(Beginning of Provided records)

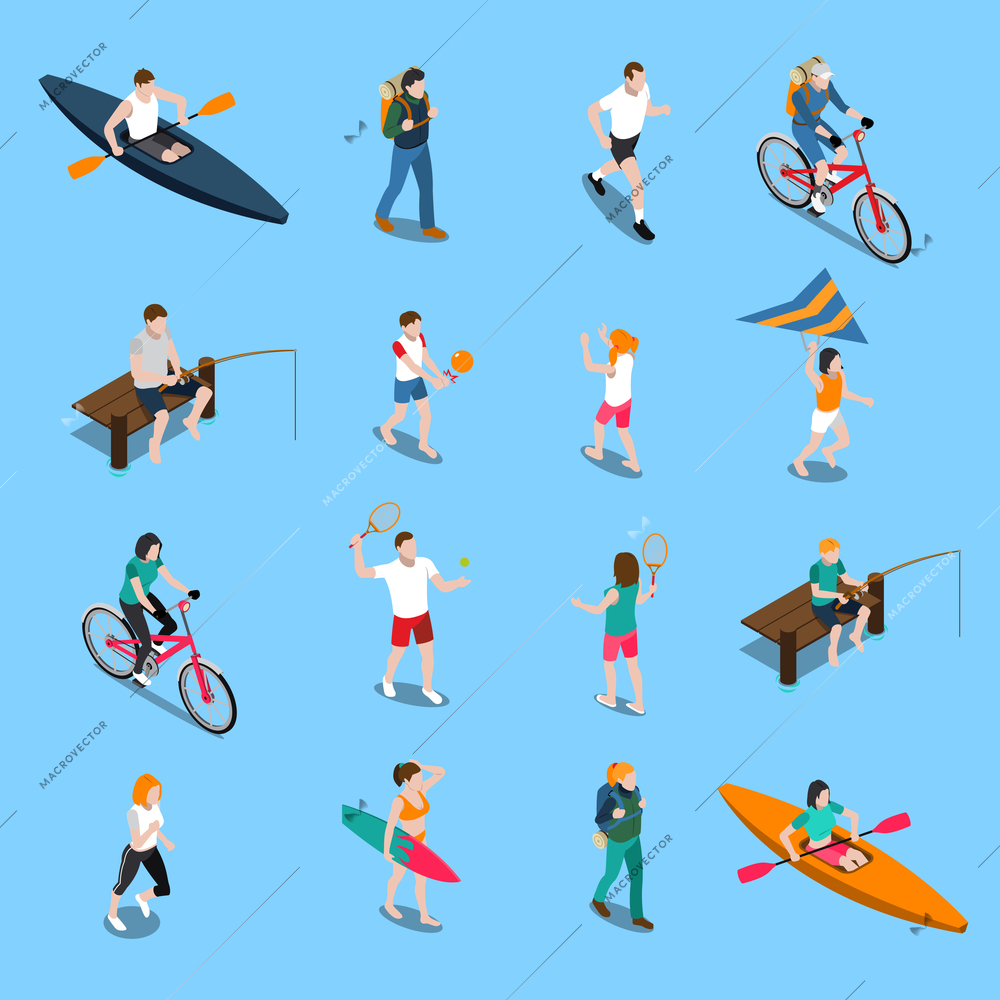 Isolated summer outdoor activity people icon set with attributes and equipment for recreation vector illustration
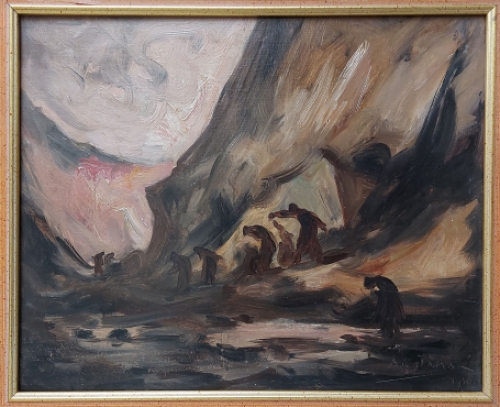 Een schilderij op canvas van de kunstschilder Armand Jamar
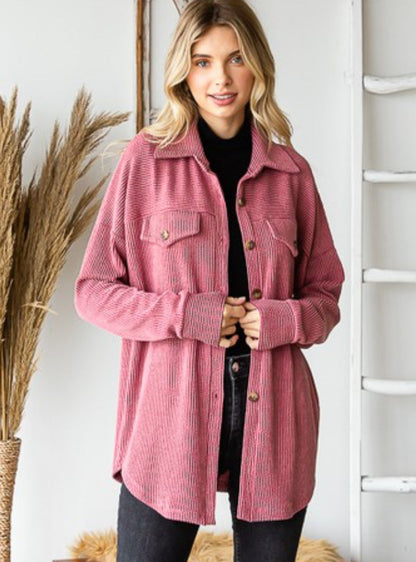 Textured Urban Ribbed Button Down Shacket Sangria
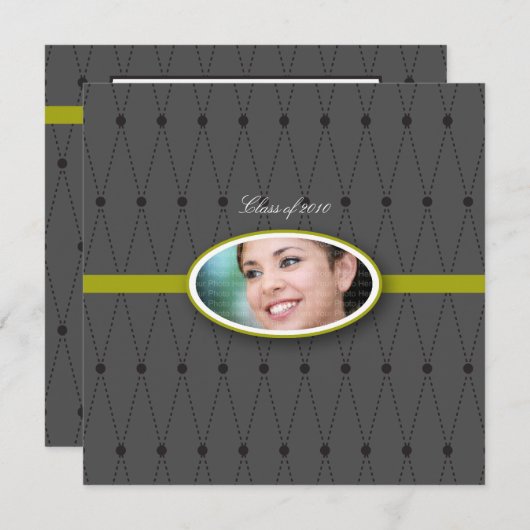 Elegantes Harlequin-Muster:Grün Einladung (Vorne/Hinten)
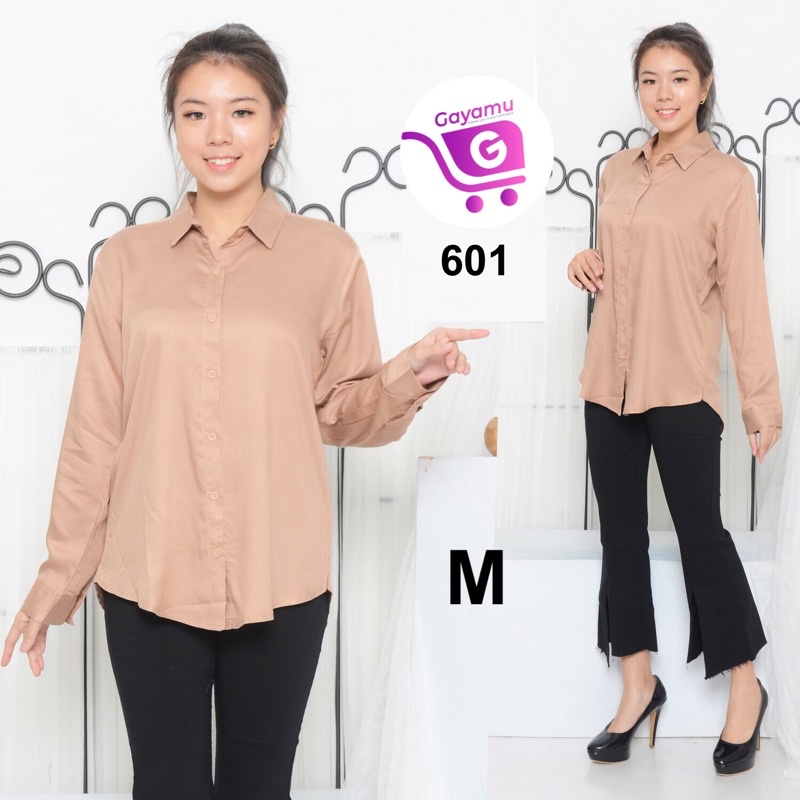 KEMEJA WANITA LENGAN PANJANG SIZE M&L (601)-Milo M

(End of Provided records)

- **Task prompt**:
Without the pictures, retype all of the data above exactly.

- **Solution**:
 Isolated summer outdoor activity people icon set with attributes and equipment for recreation vector illustration
 Een schilderij op canvas van de kunstschilder Armand Jamar
 Textured Urban Ribbed Button Down Shacket Sangria
 Elegantes Harlequin-Muster:Grün Einladung (Vorne/Hinten)
 KEMEJA WANITA LENGAN PANJANG SIZE M&L (601)-Milo M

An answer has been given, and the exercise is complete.